薛京和哈月都没想到,当日分开后,再见面已经是一月余的深冬。
绥城大范围静默的第二天,防疫人员排查到薛京近期往返过蓟城,将他界定为高风险人群,虽然不需要被拉到方舱隔离,但穿着防护服的工作人员也在他家门口拉上一道象征性的黄色警戒线,并派专人24小时把守不许薛京进出。
薛京为期14天的隔离观察结束,赵春妮的健康码因长期居家未参加核酸检测而变红,胡同里还是那两个志愿者轮流倒班,又改为看守哈月一家。
说是搞暧昧的新晋邻居,但这几十天以来,薛京和哈月更像是纯洁的小学生笔友,沟通的方式和内容完全属于柏拉图式的网络传书。
只不过他们传的不是上课时写满闲话的纸条,而是关于小说的阅读和批注。
哈月早上起床后的第一件事,不再是忙于早餐,而是赖在被窝里,花十分钟的时间,打开手机,阅读薛京于前一天晚上书写的章节,草草看完一遍给个读后感,她便起床做饭,叫母亲起床。
大约是触底反弹,自从那天和哈月发生厮打后,赵春妮的坏脾气重新进入休眠期,起码这一个月以来,她都没有再言辞激烈地骂过人,取而代之的,她开始频繁在家务事上搞破坏。
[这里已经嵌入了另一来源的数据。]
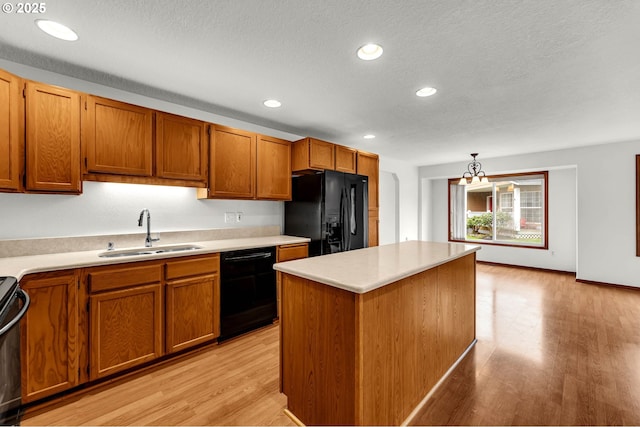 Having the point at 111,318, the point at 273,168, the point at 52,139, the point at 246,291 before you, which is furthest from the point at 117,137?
the point at 246,291

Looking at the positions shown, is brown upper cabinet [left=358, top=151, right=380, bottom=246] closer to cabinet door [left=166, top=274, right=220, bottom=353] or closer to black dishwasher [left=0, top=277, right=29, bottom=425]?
cabinet door [left=166, top=274, right=220, bottom=353]

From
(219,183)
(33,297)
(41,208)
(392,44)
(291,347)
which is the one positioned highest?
(392,44)

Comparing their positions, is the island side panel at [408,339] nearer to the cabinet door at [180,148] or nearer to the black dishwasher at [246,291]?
the black dishwasher at [246,291]

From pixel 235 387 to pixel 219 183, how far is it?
1.93 meters

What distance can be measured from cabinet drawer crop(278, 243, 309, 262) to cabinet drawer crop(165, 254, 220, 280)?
0.73 metres

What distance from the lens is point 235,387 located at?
200 cm

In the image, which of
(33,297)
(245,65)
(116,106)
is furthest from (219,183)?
(33,297)

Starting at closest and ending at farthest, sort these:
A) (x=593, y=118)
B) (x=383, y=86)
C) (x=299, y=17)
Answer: (x=299, y=17)
(x=383, y=86)
(x=593, y=118)

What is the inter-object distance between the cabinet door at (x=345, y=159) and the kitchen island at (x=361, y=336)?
7.01 feet

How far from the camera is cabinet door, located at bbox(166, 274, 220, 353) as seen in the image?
2.31 meters

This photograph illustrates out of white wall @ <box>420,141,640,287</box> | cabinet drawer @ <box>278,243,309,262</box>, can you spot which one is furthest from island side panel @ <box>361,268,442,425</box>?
white wall @ <box>420,141,640,287</box>

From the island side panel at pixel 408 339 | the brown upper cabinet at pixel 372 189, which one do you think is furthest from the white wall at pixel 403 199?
the island side panel at pixel 408 339

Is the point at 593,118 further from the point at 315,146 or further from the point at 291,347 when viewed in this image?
the point at 291,347

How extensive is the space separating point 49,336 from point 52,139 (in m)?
1.39
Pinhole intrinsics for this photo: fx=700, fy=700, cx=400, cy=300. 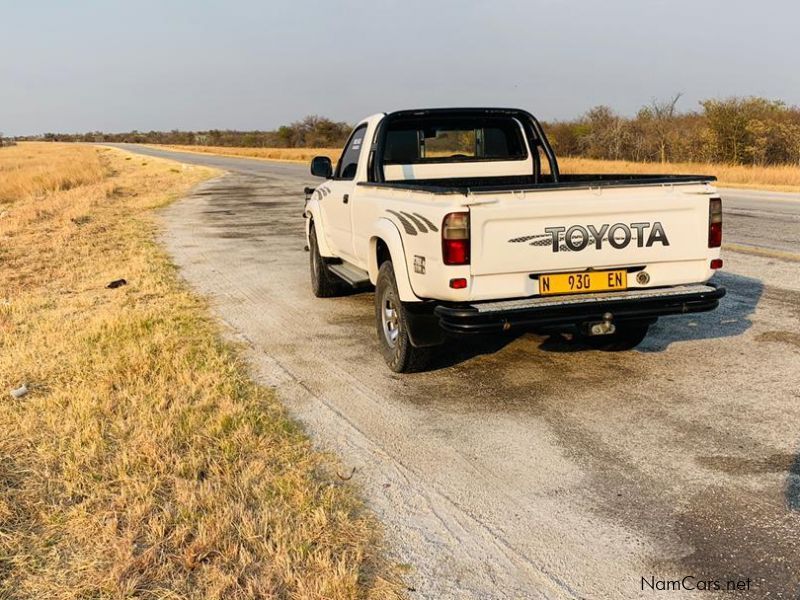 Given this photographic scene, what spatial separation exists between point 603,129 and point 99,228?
34565mm

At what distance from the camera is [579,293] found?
15.4 ft

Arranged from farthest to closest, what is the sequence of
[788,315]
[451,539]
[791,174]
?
1. [791,174]
2. [788,315]
3. [451,539]

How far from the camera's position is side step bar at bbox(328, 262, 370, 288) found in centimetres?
639

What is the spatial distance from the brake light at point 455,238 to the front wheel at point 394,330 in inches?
29.7

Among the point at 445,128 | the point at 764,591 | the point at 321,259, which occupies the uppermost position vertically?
the point at 445,128

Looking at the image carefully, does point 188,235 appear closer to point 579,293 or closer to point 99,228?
point 99,228

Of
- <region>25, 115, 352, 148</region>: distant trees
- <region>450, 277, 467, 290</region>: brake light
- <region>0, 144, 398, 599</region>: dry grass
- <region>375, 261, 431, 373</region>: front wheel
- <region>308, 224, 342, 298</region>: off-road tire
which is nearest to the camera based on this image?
<region>0, 144, 398, 599</region>: dry grass

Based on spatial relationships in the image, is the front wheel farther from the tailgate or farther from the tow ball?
the tow ball

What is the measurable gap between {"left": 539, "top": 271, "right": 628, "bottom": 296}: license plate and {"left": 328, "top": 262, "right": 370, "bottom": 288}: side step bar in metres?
2.13

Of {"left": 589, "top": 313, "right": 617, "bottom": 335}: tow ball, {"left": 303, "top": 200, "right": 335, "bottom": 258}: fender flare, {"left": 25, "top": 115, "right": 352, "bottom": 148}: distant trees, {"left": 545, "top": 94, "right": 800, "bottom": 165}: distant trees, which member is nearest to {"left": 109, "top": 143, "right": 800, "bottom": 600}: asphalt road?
{"left": 589, "top": 313, "right": 617, "bottom": 335}: tow ball

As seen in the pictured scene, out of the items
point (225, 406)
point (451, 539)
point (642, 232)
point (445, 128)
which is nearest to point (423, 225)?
point (642, 232)

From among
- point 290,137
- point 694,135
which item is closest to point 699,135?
point 694,135

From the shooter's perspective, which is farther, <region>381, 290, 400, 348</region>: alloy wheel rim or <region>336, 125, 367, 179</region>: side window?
<region>336, 125, 367, 179</region>: side window

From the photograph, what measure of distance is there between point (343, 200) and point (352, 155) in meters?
0.68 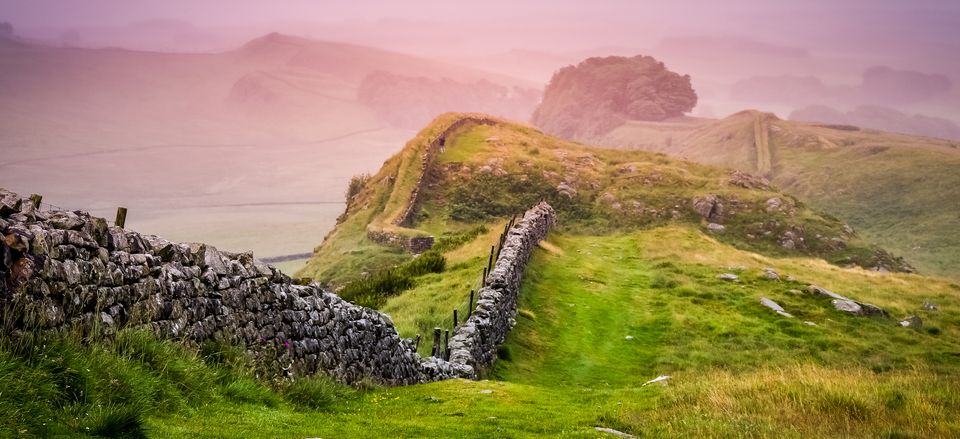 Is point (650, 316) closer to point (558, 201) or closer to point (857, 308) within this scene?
point (857, 308)

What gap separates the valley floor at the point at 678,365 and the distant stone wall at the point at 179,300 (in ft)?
4.63

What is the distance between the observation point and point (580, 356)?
2405 centimetres

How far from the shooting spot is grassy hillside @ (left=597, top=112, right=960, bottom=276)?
98.1 m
哈月刚叠好被子,她板着脸凑过去一把扯散,哈月刚把饭菜端上桌,她不用餐具就拿手抓进嘴里。
白天,赵春妮盯着电视机一看就是十二个小时,可到了晚上该睡觉的时间,她似乎也不困,拉着哈月絮絮叨叨地将自己小时候的事。
一会儿她在农村和父母一起掰玉米,一会儿她又在县城收到了爱慕者送她的银项链。
经常性的,她说着话,眼神会突然变得松散,紧接着她会死死盯着哈月的脸,问她你是谁,现在几点了,今年是几月。
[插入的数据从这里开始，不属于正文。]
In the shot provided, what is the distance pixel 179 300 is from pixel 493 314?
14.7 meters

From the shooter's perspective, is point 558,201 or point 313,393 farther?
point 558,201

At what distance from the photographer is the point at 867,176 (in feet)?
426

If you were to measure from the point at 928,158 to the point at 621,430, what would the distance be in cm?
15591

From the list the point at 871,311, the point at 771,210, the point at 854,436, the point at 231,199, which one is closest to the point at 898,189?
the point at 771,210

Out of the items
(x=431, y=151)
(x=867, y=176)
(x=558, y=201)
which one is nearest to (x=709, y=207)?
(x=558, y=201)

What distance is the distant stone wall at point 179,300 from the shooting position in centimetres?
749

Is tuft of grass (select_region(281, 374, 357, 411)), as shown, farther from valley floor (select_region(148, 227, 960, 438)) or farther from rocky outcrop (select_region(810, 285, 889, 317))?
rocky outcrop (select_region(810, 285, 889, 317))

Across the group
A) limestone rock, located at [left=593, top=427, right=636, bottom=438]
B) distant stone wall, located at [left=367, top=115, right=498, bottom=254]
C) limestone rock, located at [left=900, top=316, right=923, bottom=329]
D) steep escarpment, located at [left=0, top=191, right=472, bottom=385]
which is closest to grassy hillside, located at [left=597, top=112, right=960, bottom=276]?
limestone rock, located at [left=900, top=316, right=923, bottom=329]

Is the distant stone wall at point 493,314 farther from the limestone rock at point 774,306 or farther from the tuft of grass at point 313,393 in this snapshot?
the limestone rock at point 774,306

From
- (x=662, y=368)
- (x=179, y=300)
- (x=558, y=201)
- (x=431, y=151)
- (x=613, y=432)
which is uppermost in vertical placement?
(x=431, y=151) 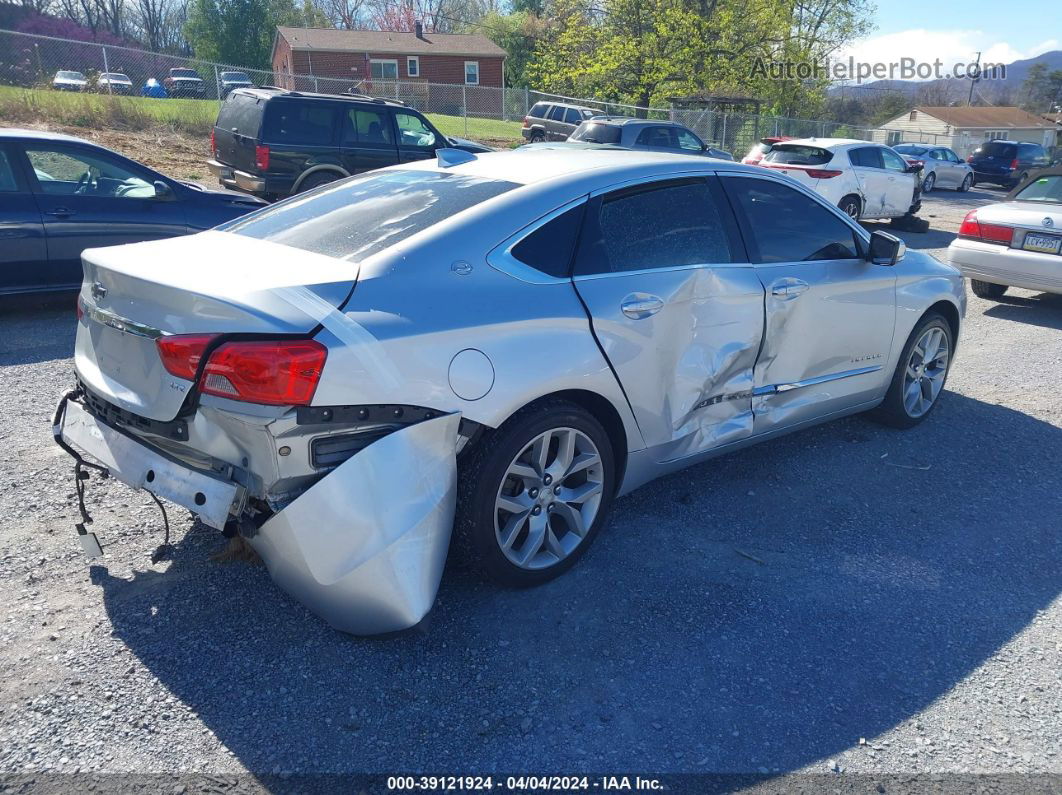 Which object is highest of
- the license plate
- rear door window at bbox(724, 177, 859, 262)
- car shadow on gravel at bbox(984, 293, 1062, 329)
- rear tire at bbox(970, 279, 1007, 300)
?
rear door window at bbox(724, 177, 859, 262)

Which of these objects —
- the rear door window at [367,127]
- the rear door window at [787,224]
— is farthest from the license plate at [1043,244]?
the rear door window at [367,127]

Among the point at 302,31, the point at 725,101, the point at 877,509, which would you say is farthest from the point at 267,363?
the point at 302,31

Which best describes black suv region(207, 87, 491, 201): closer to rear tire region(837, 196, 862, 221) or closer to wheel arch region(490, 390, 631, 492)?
rear tire region(837, 196, 862, 221)

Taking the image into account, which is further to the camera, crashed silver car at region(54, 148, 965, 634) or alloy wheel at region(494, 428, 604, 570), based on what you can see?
alloy wheel at region(494, 428, 604, 570)

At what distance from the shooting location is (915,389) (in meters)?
5.30

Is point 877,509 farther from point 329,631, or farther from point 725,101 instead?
point 725,101

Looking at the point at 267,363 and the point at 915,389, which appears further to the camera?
the point at 915,389

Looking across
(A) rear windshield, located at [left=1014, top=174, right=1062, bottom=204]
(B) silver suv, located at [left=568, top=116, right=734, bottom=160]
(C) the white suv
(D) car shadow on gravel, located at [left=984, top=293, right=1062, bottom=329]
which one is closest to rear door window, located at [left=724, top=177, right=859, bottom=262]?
(D) car shadow on gravel, located at [left=984, top=293, right=1062, bottom=329]

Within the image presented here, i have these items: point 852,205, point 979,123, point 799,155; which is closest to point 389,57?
point 799,155

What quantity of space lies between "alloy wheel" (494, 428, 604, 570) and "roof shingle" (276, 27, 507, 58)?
5105 centimetres

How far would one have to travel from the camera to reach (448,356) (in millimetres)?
2861

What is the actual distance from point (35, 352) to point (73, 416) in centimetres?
342

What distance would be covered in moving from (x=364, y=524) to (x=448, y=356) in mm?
635

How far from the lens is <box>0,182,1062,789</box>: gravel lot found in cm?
255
如果哈月不能及时安抚她,精神紧张导致身体战栗,赵春妮肩膀一倾斜,翻着白眼,尿液就会顺着裤腿流到脚面。
为了让母亲保持干净清爽,她的贴身衣物哈月一天要换个几次,连洗澡也是一样,经常晚上洗过澡,赵春妮半夜又弄了一身排泄物,哈月不得不再次端着盆来到床边为她擦洗。
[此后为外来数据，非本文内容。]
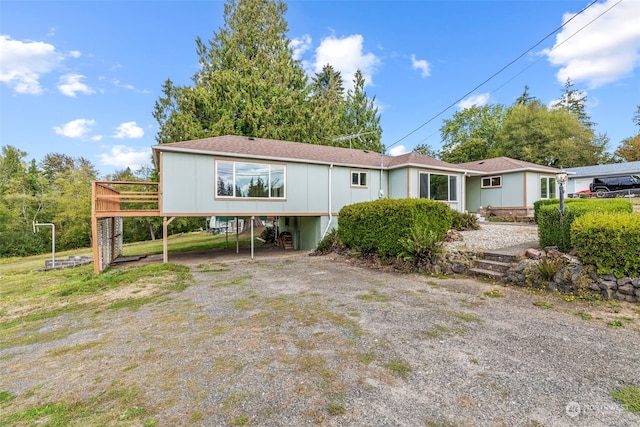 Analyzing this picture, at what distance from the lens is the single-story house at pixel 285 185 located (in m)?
10.2

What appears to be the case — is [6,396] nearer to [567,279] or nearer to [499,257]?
[567,279]

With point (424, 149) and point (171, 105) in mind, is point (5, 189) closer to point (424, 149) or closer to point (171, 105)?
point (171, 105)

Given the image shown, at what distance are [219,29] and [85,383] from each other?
2556 centimetres

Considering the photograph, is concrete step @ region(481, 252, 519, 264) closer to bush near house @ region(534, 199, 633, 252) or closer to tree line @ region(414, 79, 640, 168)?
bush near house @ region(534, 199, 633, 252)

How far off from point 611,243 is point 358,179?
9.68m

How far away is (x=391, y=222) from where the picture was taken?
27.4 feet

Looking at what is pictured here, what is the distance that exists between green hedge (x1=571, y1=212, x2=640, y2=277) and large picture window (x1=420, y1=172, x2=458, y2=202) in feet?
29.3

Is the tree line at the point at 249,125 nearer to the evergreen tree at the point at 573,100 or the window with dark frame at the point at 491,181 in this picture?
the evergreen tree at the point at 573,100

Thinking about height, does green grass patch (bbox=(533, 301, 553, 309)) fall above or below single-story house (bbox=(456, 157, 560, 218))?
below

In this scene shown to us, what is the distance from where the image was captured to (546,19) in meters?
8.45

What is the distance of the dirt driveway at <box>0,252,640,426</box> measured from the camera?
226cm

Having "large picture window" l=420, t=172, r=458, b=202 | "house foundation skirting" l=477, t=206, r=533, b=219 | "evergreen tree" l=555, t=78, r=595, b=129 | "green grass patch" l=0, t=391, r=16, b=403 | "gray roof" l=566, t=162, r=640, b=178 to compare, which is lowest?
"green grass patch" l=0, t=391, r=16, b=403

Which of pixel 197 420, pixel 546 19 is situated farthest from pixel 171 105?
pixel 197 420

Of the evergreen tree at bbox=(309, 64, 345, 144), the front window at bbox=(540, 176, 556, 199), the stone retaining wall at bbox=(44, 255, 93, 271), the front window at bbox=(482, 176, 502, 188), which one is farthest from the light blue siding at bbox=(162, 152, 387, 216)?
the front window at bbox=(540, 176, 556, 199) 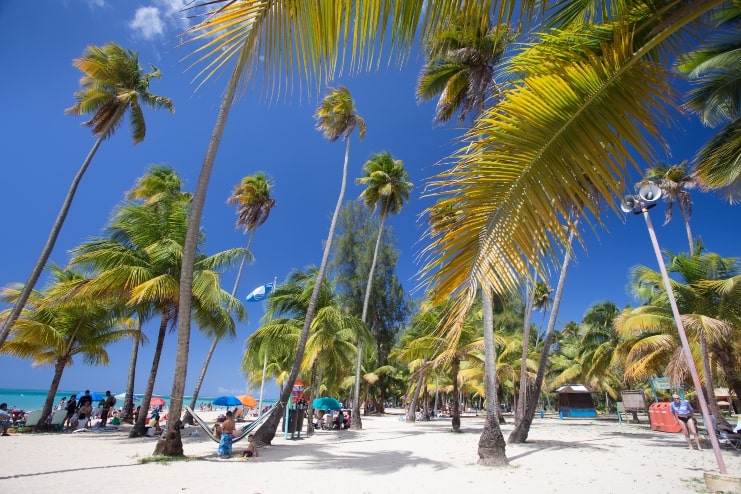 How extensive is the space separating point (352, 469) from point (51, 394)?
13644mm

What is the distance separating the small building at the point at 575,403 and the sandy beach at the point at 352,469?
66.6 ft

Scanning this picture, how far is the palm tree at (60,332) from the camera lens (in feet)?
46.0

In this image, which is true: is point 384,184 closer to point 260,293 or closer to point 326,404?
point 260,293

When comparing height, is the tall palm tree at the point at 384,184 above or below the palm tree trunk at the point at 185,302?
above

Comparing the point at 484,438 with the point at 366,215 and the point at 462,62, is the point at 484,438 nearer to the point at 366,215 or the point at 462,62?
the point at 462,62

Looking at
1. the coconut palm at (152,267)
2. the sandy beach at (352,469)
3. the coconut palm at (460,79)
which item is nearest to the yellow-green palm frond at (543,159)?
the sandy beach at (352,469)

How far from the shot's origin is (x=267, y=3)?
5.90 ft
独自一个人照顾母亲的期间,院子里总是飘着赵春妮湿透的衣服,十几条内裤像是彩旗随风飘扬,饶是这样,经常还会因为洗净的衣物没干透而手忙脚乱,可见照顾病人的工作量并不比在小卖部理货要少。
以往她只觉得经营小卖部很辛苦,没想到独自照顾母亲后,她竟然也会怀念小卖部的“清闲”。
如果哈月实在心力交瘁,短暂闭上眼睛假寐,不理会赵春妮的诸多问题,赵春妮便走到镜子面前和镜子里的人讲话。
镜子里人也不理她,她还会生闷气,把头捂在被子里拒绝喘气。
为了让母亲少受刺激,保持充足的休息,哈月不得不趁她睡觉的功夫将家里所有镜子全都扔到垃圾桶。扔不掉的,就用报纸糊起来。
不过在哈月每天早上雷打不动,铁面无私地教育下,赵春妮在两周的被动训练后,终于开始将更换纸尿裤视作清晨醒来后的第一项任务。
不需要每日清洗多次衣裤是件好事。
除此之外,哈月还在网上订了一个防走丢的GPS手环,不过要怎么说服赵春妮将这种丢人的东西挂在手腕上,不再摘下,也是一项旷日持久的细活儿。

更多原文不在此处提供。